You Must Be 37 yrs Old To Enter This Club

There comes a time in every father’s life where he looks at his vagabond past and realizes that it’s no place for his children to grow and thrive. No more country hopping, no more regaining consciousness in the medians of unknown roads.  Onwards and upwards to the future. So aside from a quick and not too dirty trip to Amsterdam without the family, I try to keep my nose clean and out of trouble. Which makes my trip to Amsterdam sound like a cocaine-fueled binge-fest which I can half-heartedly assure you it wasn’t. There were lots of biscuits, that much is true.

Club Fourty
Club Fourty - Raising the bar for dress codes in East Austin

Adventures are now close to home – e.g. the 2010 Austin Marathon – it could all be achieved through getting up really early and staying fairly close to the wife and toddler. The last great journey is into the self and all that jazz (which I interpret as chugging Newcastle Brown Ale alone in the dark in my living room).

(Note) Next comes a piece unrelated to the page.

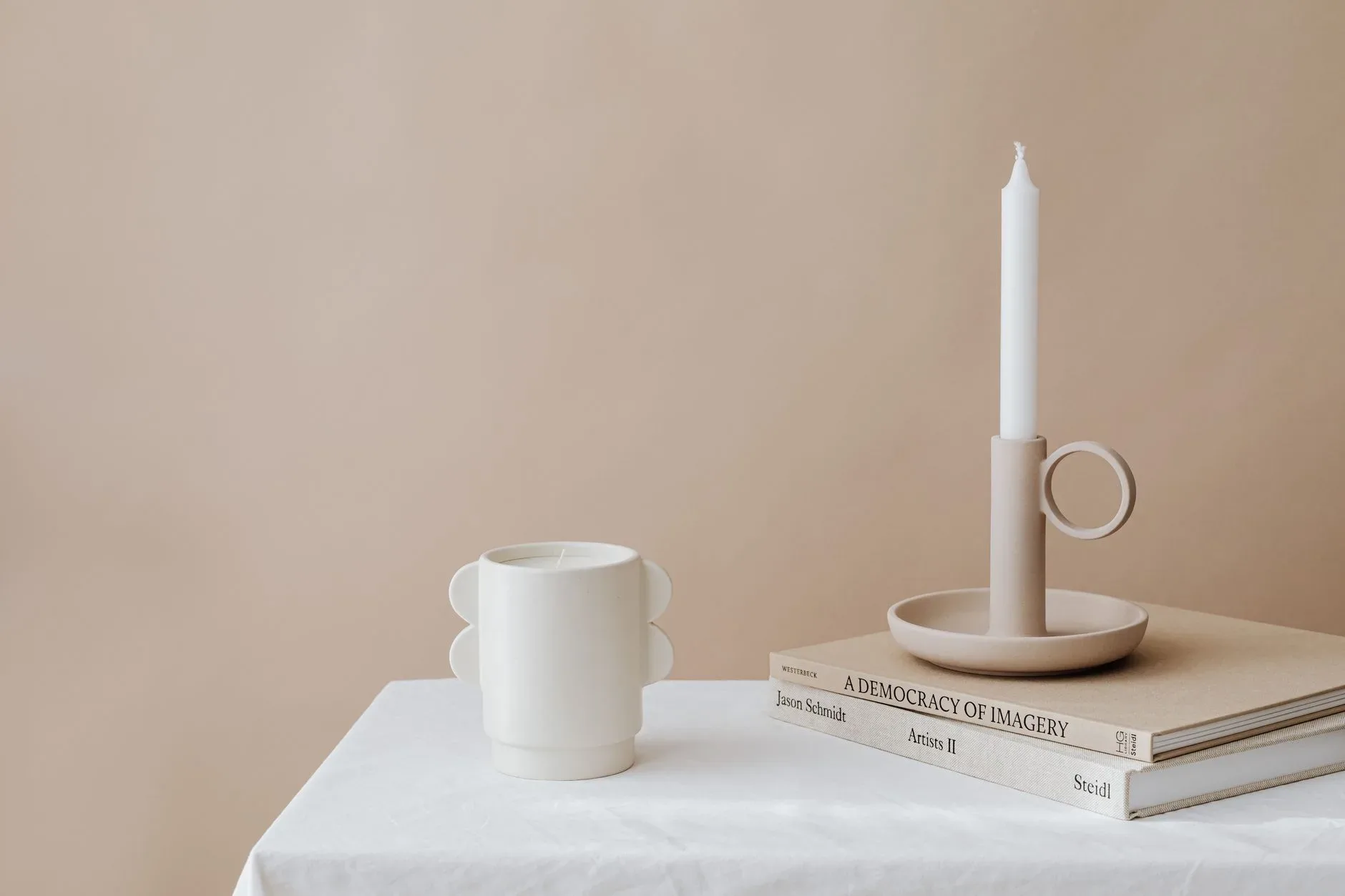 Elegant still life with candleholder, mug, and books on a beige backdrop. Perfect for minimalist decor.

There is however, a whole slice of intrigue pie that awaits on my very doorstep.

What I’m talking about is 12th and Chicon. An area of mystery and intrigue. Of folklore and legend. And people drinking out of containers wrapped in brown paper which somehow make the hidden contents innocuous and acceptable. And right at this famous intersection, there awaits Club Fourty. Unreviewed by hipsters on Yelp! With a truly fantastic door policy:

  • You Must Be 37 yrs Old To Enter This Club
  • Our Dress Code Requires That You Have A Shirt Shows And Pants On… No Sagging Pants Allowed
  • No Muscle Shirts, No Bandanas Allowed
  • No Ballcaps Turned Backwards
  • No Backpacks Allowed Inside Club
  • No Cups Or Cans Can Be Brought Into Or Taken Off These Premises
  • No Loitering or Panhandling

If anyone has checked it out, please leave a comment and let me know what it’s like until I can get out there and see for myself. I hope you don’t have to be exactly 37 years old, and I’m glad that there is no loitering here. Clearly the absence of such a sign around the corner invites people to loiter there willy-nilly. And I’m glad that the club distinguishes between loitering (where the perpetrator has no real purpose) and panhandling, where he or she clearly does.

Interesting that there were three times as many crimes around the middle of Sixth Street in October 2010 than there were around 12th and Chicon. So I’m probably safer at Club Fourty than I am at Treasure Island. I won’t let this diminish my sense of adventure though. Who’s coming with?

6th Street Crimes - courtesy of Krimelabb.com

Crime data austin
Less crime at 12th and Chicon - courtesy of Krimelabb.com

5 thoughts on “You Must Be 37 yrs Old To Enter This Club”

  1. I like the comparison of crime. Possession of drug paraphernalia? Prostitution? Compare those crimes at 12th and Chicon with Assault with Injury and Public Intoxication on 6th. Safer on the east side, for sure. So I’m with you — as long as you don’t request a Newcastle Brown. I don’t expect they would have that on tap.

  2. Safer on the East side, though you could argue that there are 7 million people at Sixth Street, whereas only the same 42 unsavory characters at 12th and Chicon. I agree with you though – East gets a bad rap.